An Acoustic Evening at The Vienna Opera House
Artist: Joe Bonamassa
Label: J&R Adventures
Released: March 26, 2013 / Reviewed: March 24, 2013
Regular Boomerocity readers know that I have a short version review of any Joe Bonamassa project. This time is no exception. Ready? Here it is:
Love it/buy it.
For those of you who just like to read whatever I write, here’s the unabridged version:
When I received my review copies recently of the Joe Bonamassa’s CD and DVD package, An Acoustic Evening At The Vienna Opera House, I was like a little kid on Christmas morning. I was pogo-stick happy to get my grubby paws on these and couldn’t wait to pop them into my players.
I wasn’t at all disappointed.
The only difference between the CD and the DVD (besides the obvious video) are a couple of comments from Joe and band members between a couple of songs. Other than that, the track lists are virtually identical.

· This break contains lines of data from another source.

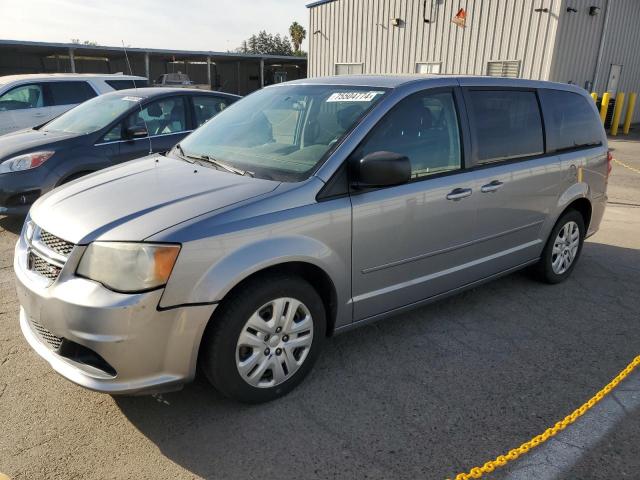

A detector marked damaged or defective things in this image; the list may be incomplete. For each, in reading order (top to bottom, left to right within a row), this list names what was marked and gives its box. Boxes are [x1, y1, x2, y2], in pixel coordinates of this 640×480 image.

cracked headlight [79, 242, 182, 290] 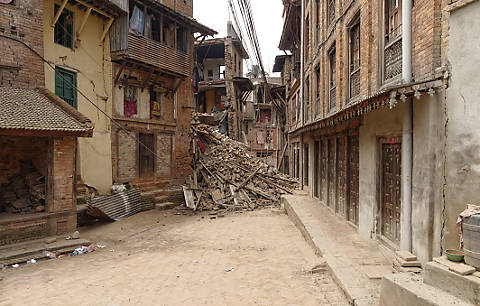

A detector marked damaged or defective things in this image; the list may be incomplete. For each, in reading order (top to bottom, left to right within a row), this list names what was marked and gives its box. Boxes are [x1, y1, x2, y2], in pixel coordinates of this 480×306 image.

damaged building facade [109, 0, 216, 197]
damaged building facade [193, 22, 253, 140]
damaged building facade [276, 0, 480, 262] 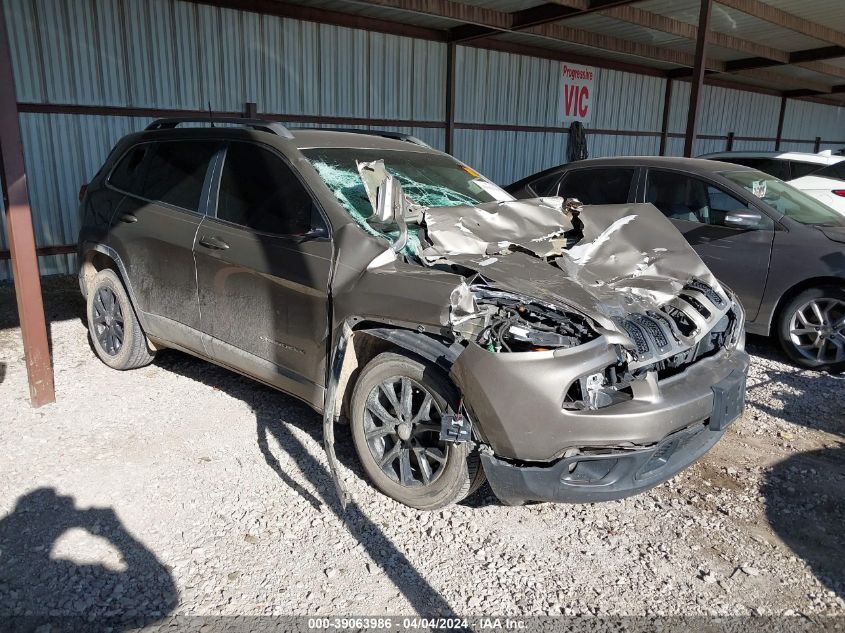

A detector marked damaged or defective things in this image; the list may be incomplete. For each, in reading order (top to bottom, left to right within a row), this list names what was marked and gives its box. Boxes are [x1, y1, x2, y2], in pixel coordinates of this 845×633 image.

shattered windshield [304, 146, 516, 222]
shattered windshield [720, 169, 844, 226]
heavily damaged suv [79, 118, 748, 512]
broken headlight housing [452, 286, 596, 354] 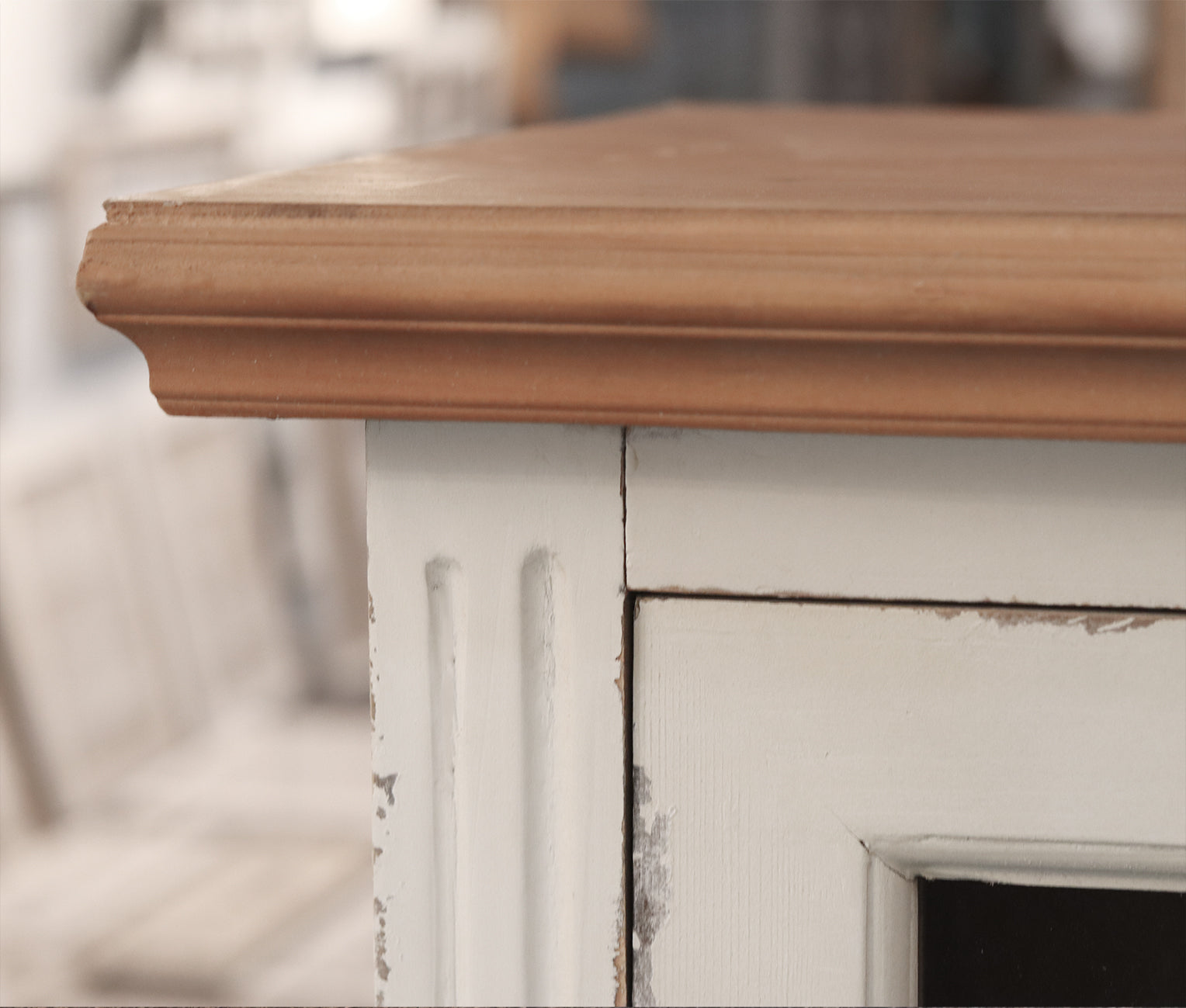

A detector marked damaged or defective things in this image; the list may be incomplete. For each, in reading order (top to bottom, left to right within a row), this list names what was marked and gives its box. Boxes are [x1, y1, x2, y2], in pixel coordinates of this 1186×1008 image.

chipped paint [935, 600, 1167, 631]
chipped paint [374, 764, 398, 806]
chipped paint [636, 764, 673, 1000] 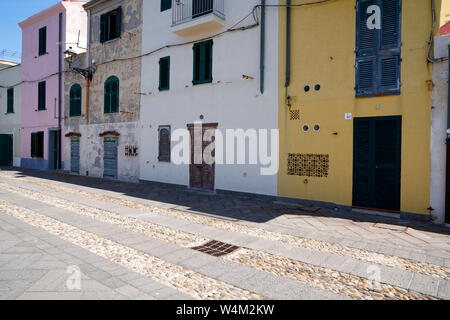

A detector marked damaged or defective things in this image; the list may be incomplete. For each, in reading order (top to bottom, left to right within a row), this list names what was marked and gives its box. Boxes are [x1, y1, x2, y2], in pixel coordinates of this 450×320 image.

The songs were recorded live at the Vienna Opera House in Austria. Joe was joined by four other musicians (Gerry OConnor on Irish Banjo and fiddle, Mats Wester on yckelharpa and mandola, Alran Schierbaum on harmonium, accordion, baby piano and glockenspiel, and Lenny Castro on percussion) who had all met for the first time there.
How cool is that?
Bonamassa fans will be glad to see some old favorites on these discs such as The Ballad of John Henry, Ball Peen Hammer, Sloe Gin, and one of my personal favorites, Mountain Time. The latter will surprise fans, though, in that Joe gives it a bit of a blue grass/country feel which is fine by me. I still love it. Some newer tunes are on the set list, too. Greats like Driving Towards Daylight, Slow Train, and Dust Bowl. Oldies or newbies, hearing them all “unplugged” and in the beautiful setting of the Vienna Opera House is both an audio and visual treat not to be denied.
To show you how jazzed I am about this release, I will play the first cut, Arrival, over and over on my player or, if the DVD is on, I’ll leave it on the menu page and just let the music of Arrival play on a continuous loop.
Yeah, it’s that good.
Obviously, Bonamassa fans like me will snatch these two discs right up without having to listen to any samples. However, I would suggest that these same fans perhaps buy an addition copy or two to give to your friends who are only into acoustic guitar work. They’ll undoubtedly love Joe’s work and become diehard fans, too.